I read this last week an amazing article in ENR. It was about Fluor, which is a public company, one of the largest
construction companies in the world, if not the largest, and they took a loss in 2019 of a tidy $1.7 billion. First of all, that's
just an amazing number. What's really astounding is Fluor operates largely in the industrial sector, where margins are
generally quite good. They do a lot of construction management where they're really making sort of a cost-plus fee in a
lot of their work. So, to think that a construction company could lose this amount of money, really, I think, sends a great
message to everybody. And the message is that in construction, over time, your success is defined as much by the jobs
you don't do as the jobs you do do.
We're all so hungry for growth and so hungry to keep our people busy and maintain work and make money that we
sometimes get drawn to making decisions we shouldn't make and go down roads we shouldn't go. So, we want to be
careful. First of all, there are really two items here. One is bad job avoidance, and the other is bad job mitigation. All right,
for bad job avoidance, it's really a decision-making process. To avoid getting into that contract that has terms you don't
like, to agree to a schedule that really is not realistic, to go in at a lower fee than you think is prudent, to devote too much
of your company resources to one job, or to go beyond your capabilities and take on something you're really not capable
of doing and don't have the proven personnel to do.
The other side of it is bad job mitigation. First of all, in bad job mitigation, you have to know when a job is going wrong.
You have to have those good internal controls, those deep dives in your job reviews to make sure that you're uncovering
any issues or problems that may be back there, and when you do have an issue or problem, you've got to be able to run
to those problems.
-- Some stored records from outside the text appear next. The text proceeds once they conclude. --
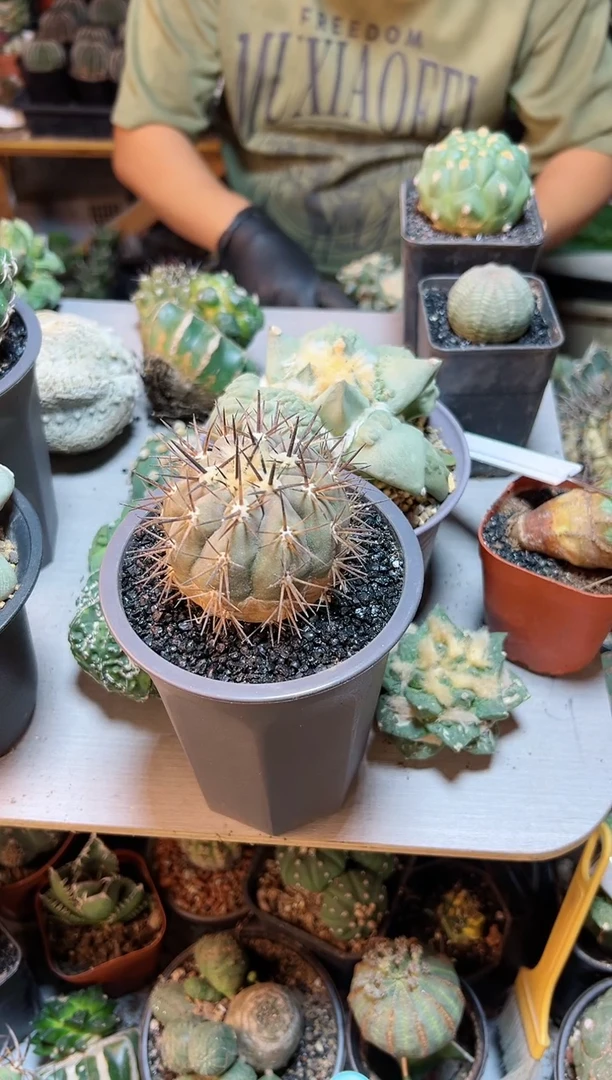 【闪购商品】苗接自根紫肌黑王球体6公分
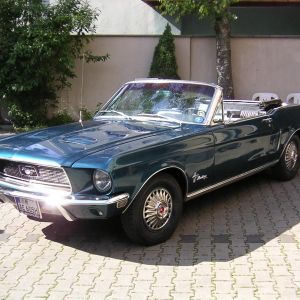 stefan arendt 5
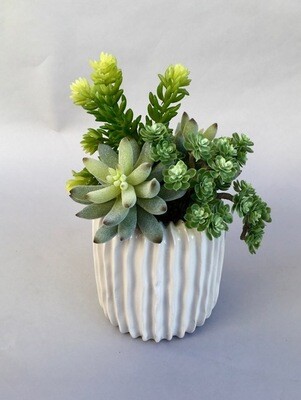 Mixed sedum and flocked agave in a white ribbed ceramic vase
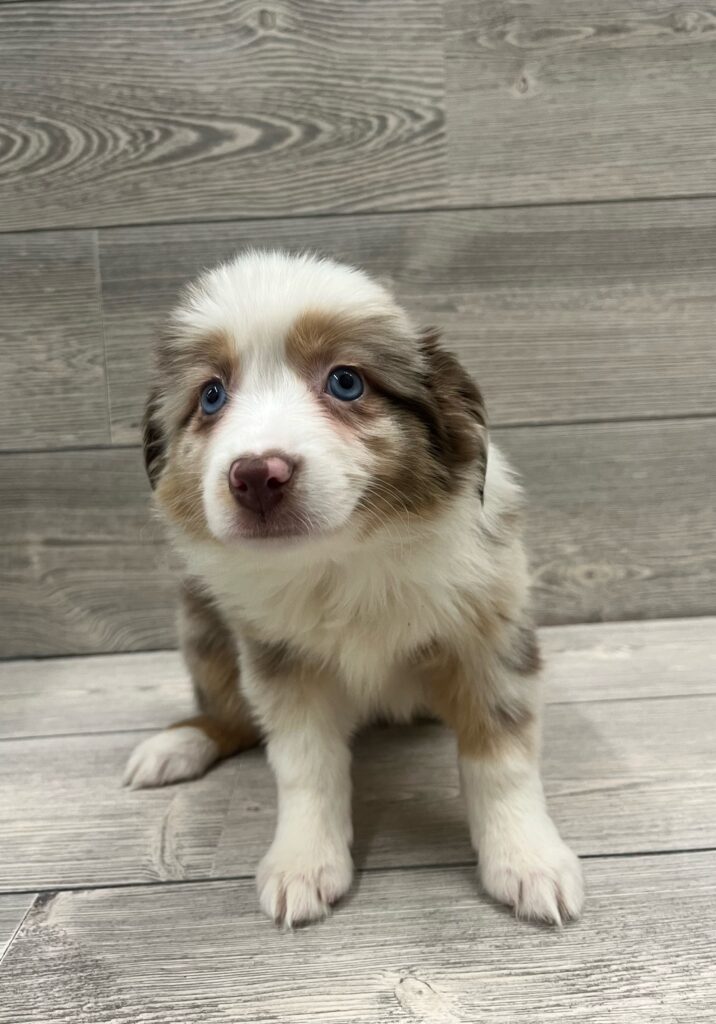 Miniature Australian Shepherd Dog Female Red Merle 4890 Petland Cleveland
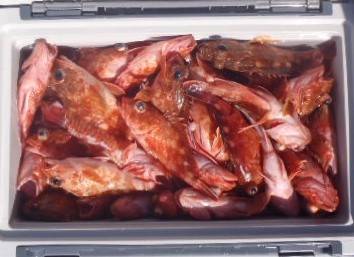 フィッシング　キッタカ 釣果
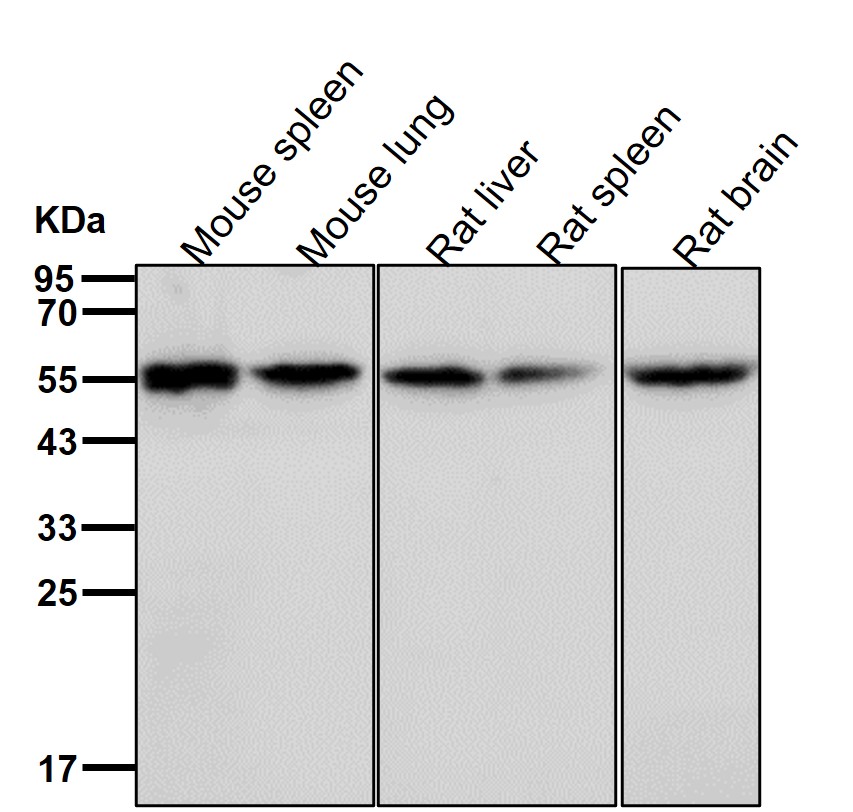 PDCD7 Ab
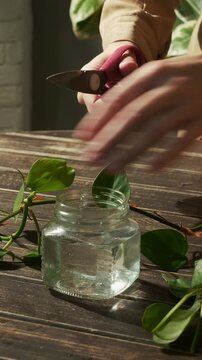 Vertical video. Hands cut epipremnum or pothos plant into cuttings for rooting in water. Home gardening.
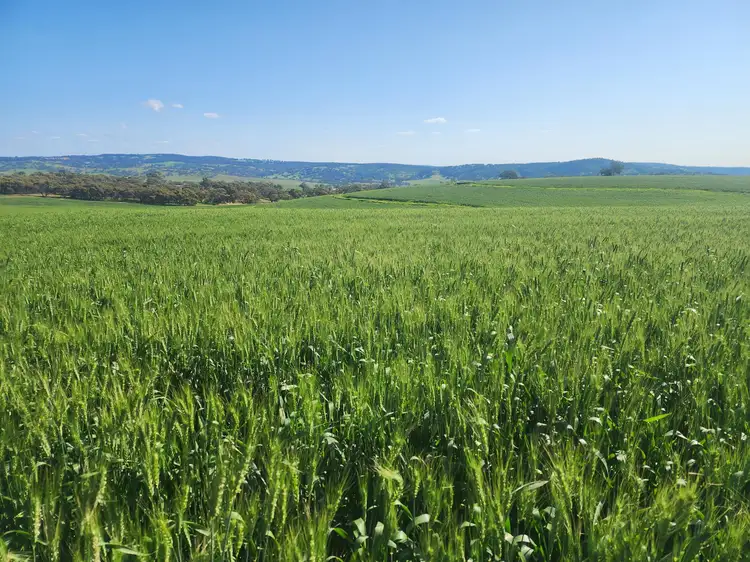 Fifth view of Homely land listing, 142 Dumbarton Road, Dumbarton WA 6566
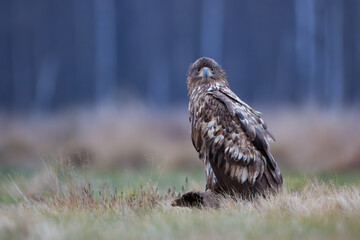 A white-tailed eagle sitting on a fallen stump in a meadow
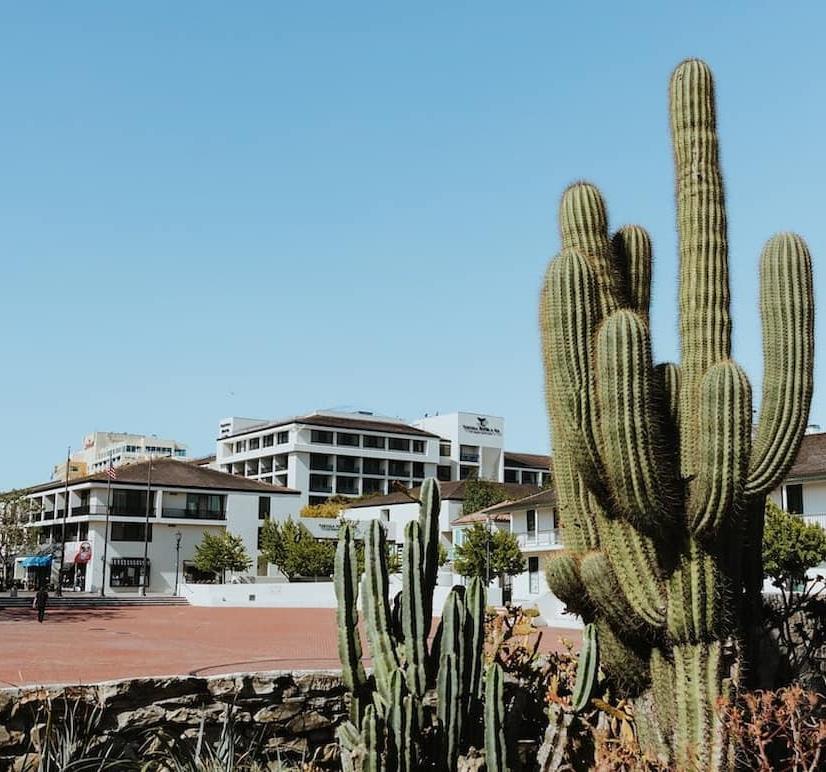 exterior of hotel by giant cactus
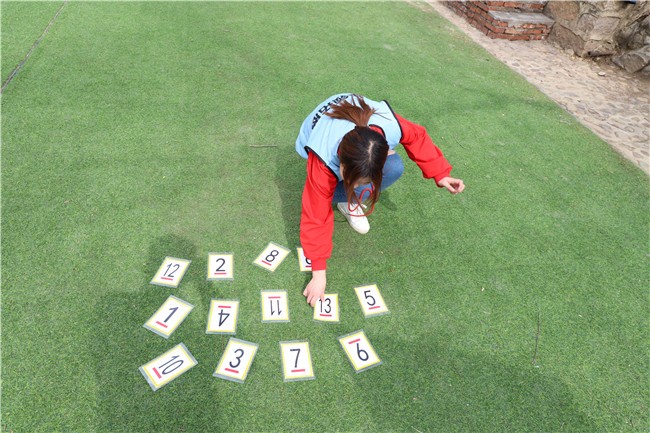 [上海瀏島拓展基地]+旅游團建一日活動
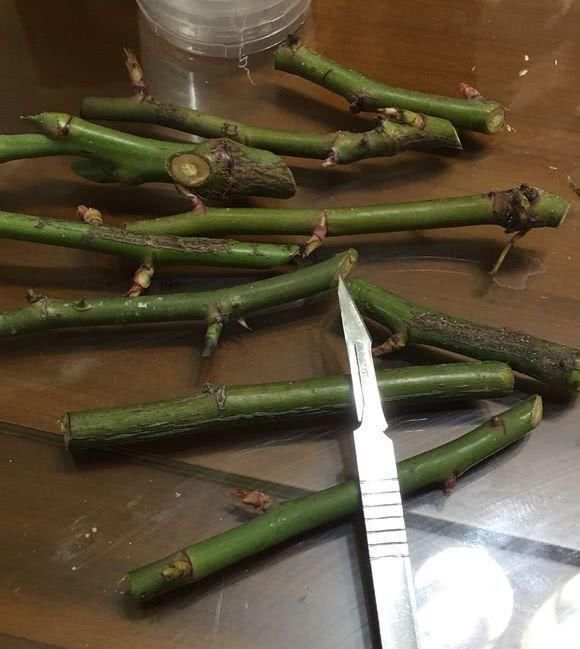  品种：选好品种养月季，唤醒你的春天，美爆你的阳台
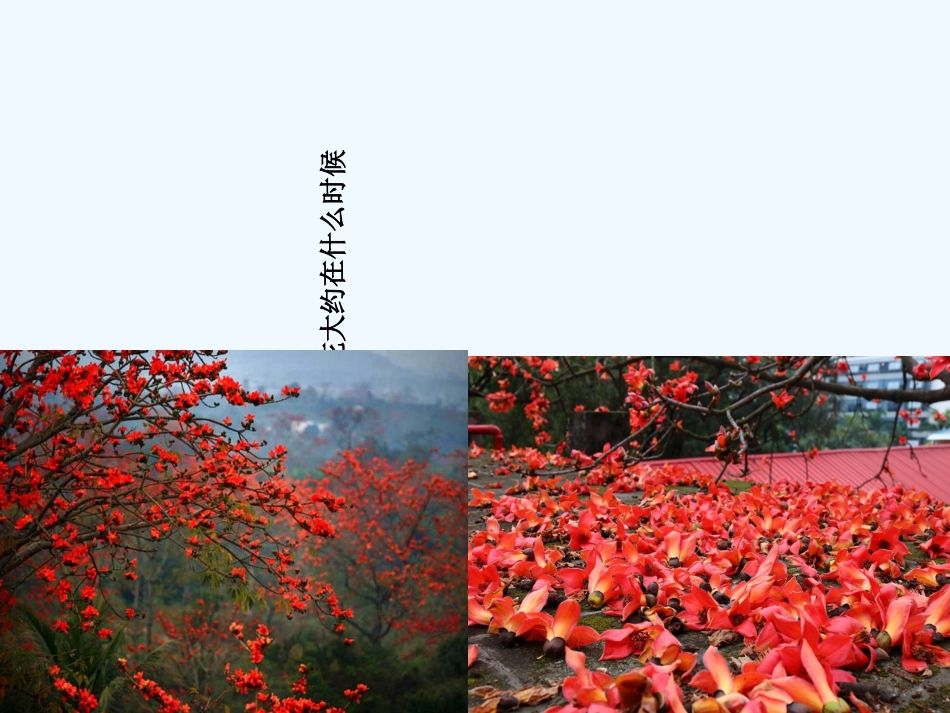 (部编)初中语文人教2011课标版七年级下册一棵小桃树(上课的课件)_第2页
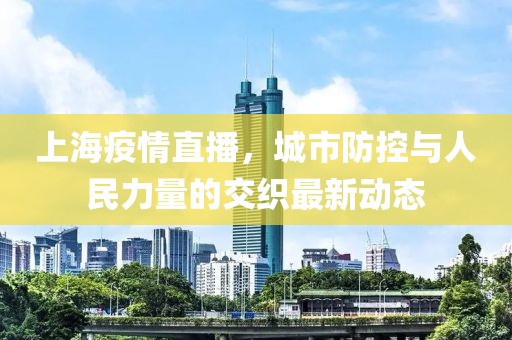 上海疫情直播，城市防控与人民力量的交织最新动态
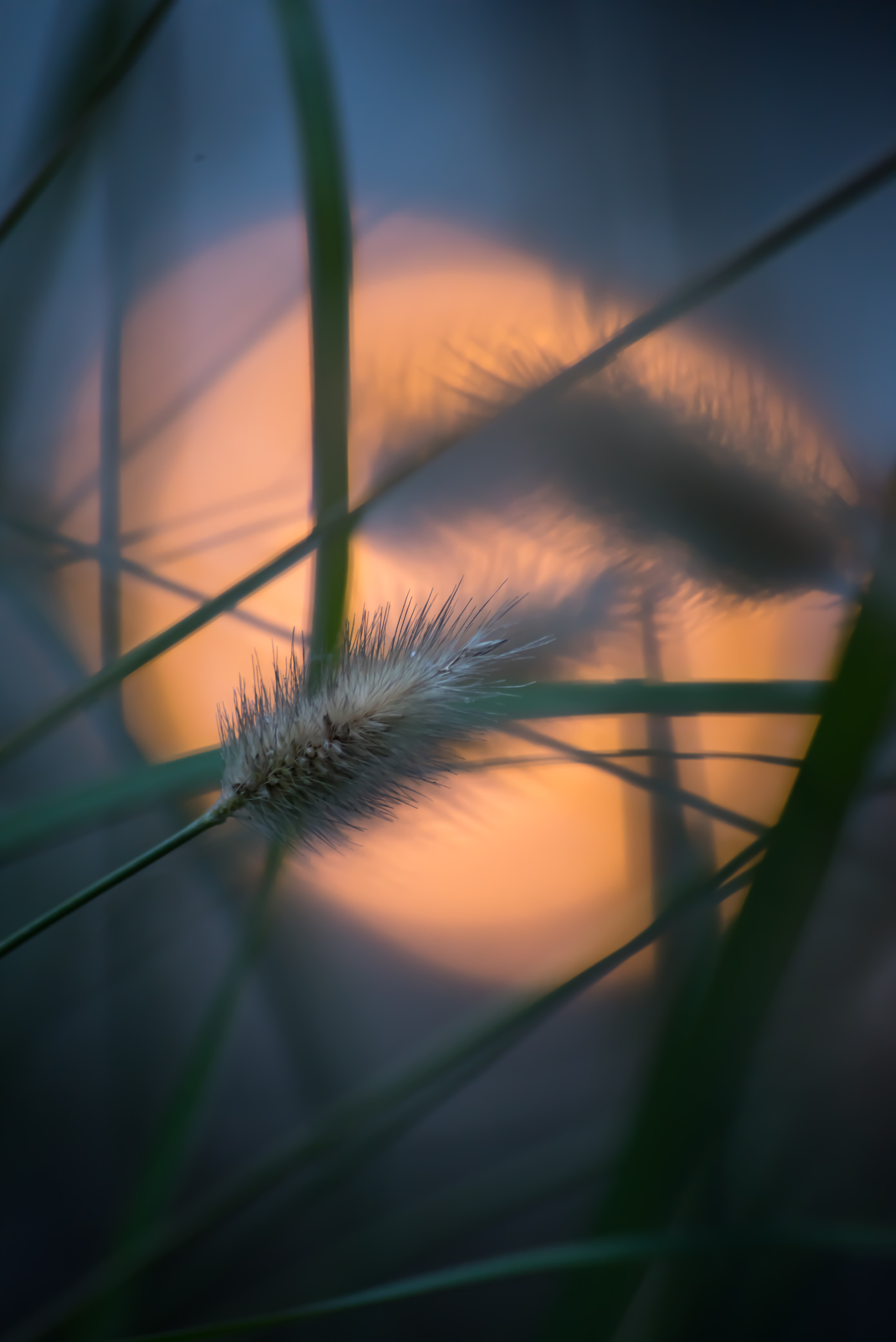 Смотрю на мир, показываю вам. Вадим Тес (Vadim Tes) Фотограф г. Москва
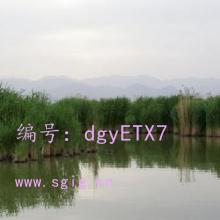 ź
All right? You can't be running away from your problems. You got to run to problems. And when you
run to your problems, make sure you bring the big stick. By that, I mean solve the problem. Don't bandaid solutions around
the problem, thinking it's going to fix itself. Time and time again, it gets proven that those bandaid solutions don't work.
Make the tough decisions early, and you'll find they'll save you money in the long run. All right? Whether that's replacing
a subcontractor or a supplier, terminating a bad employee that you have leading there, you've got to go big or don't go at
all, so to speak.
The other thing is when you do have a job that's going wrong, oftentimes it's created a culture of failure on that job. So,
just putting in a replacement superintendent or a field leader often doesn't get it done, or a new project manager. Or
again, coming in with sort of band-aid solutions, you would have to change because jobs when they go wrong, it really
affects everybody on that job. You really have to come in and reset the culture, reset the job, and bring everybody
together. Whether it's setting some new milestones, creating a new incentive, laying down the law, whatever it might be,
you've got to change things for everybody on that job if you want to get it turned around and get it doing better and to
keep it from bleeding.
The last thing that I want to note about the Fluor case was their CFO noted all the steps they took to improve their internal
controls. They cited basically half of that loss or $840 million worth really came from the failure of the people out on the
jobs to report what wasn't going so well accurately. So, they had gotten a culture where people were hiding the bad news,
and once they dug deeper and dove deeper into how all of those jobs were doing, it all surfaced to the top, and they found
that they had problems across a broad stretch of the company. So, it's oftentimes not just a single job where these
problems hide. It oftentimes goes across your whole company. So, you want to make sure that you know what's going on
on your jobs, you know where they're truly trending, and that can keep you out of trouble and keep you from experiencing
any of those major losses.
Again, Dennis Engelbrecht, Digging Deeper.